Problem statement
Please return only the lines from the one holding "جزییات دورکاری کارمندان" through the one holding "坚守底线不越红线PPT党课 坚守底线不越红线PPT党课", exactly as they appear in the records below, both ends included.

───── Given data ─────

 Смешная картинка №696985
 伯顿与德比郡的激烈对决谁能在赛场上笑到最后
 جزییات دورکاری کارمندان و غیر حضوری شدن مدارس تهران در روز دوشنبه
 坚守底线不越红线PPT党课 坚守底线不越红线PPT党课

─────
───── Given data ─────

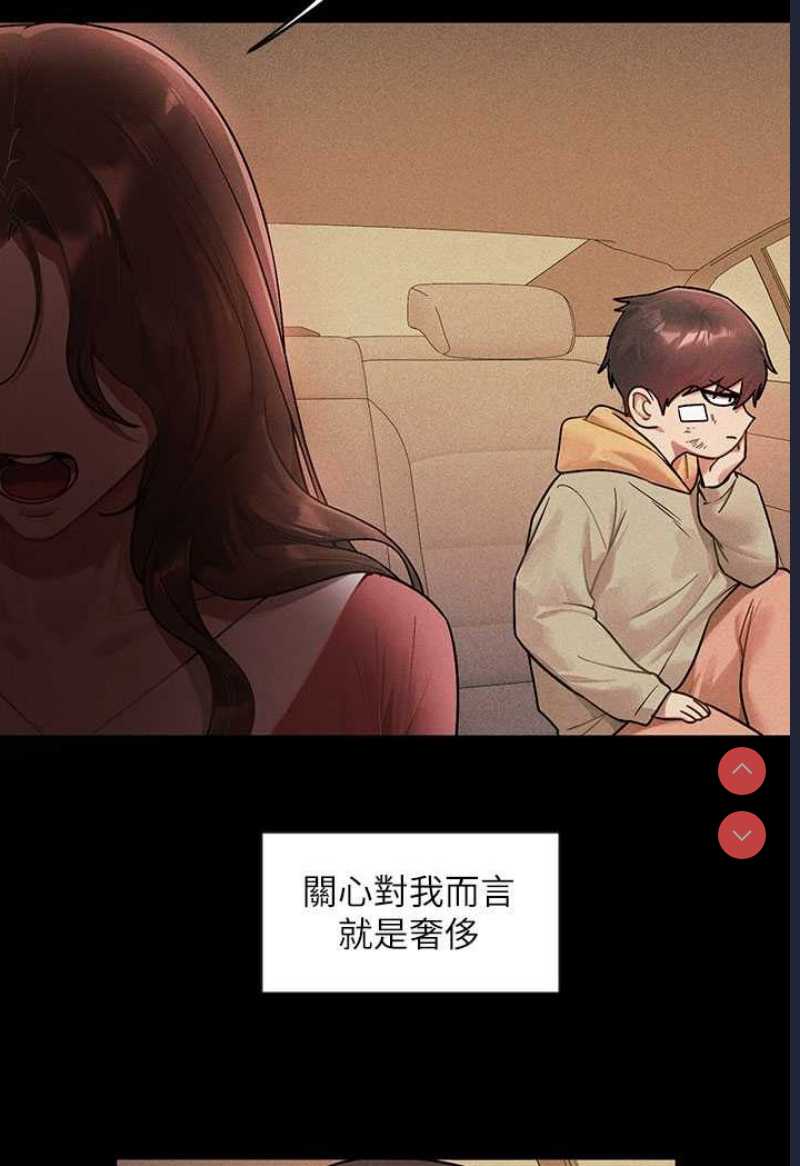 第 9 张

─────
───── Given data ─────

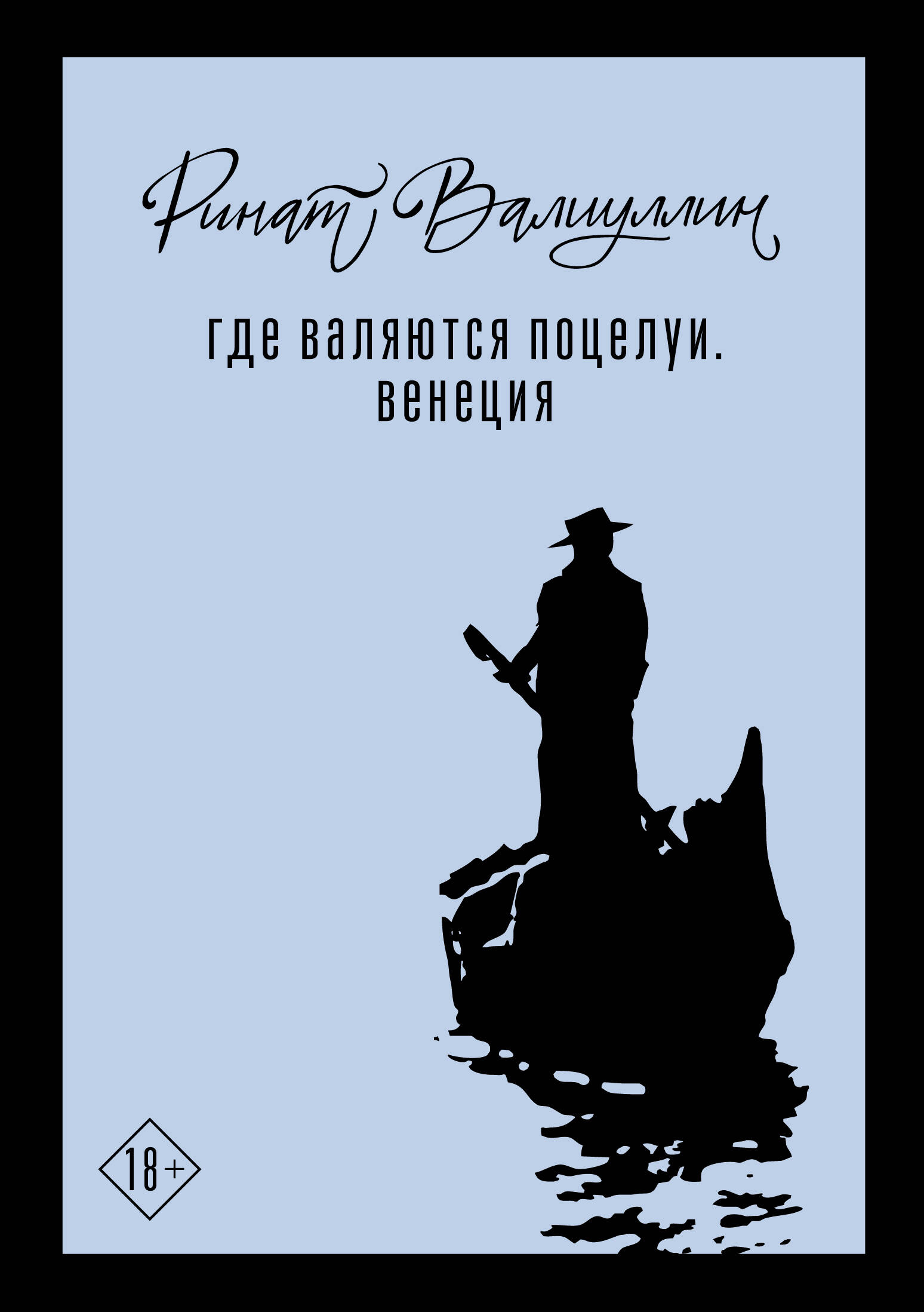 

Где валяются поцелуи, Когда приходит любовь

─────

Task result
 جزییات دورکاری کارمندان و غیر حضوری شدن مدارس تهران در روز دوشنبه
 坚守底线不越红线PPT党课 坚守底线不越红线PPT党课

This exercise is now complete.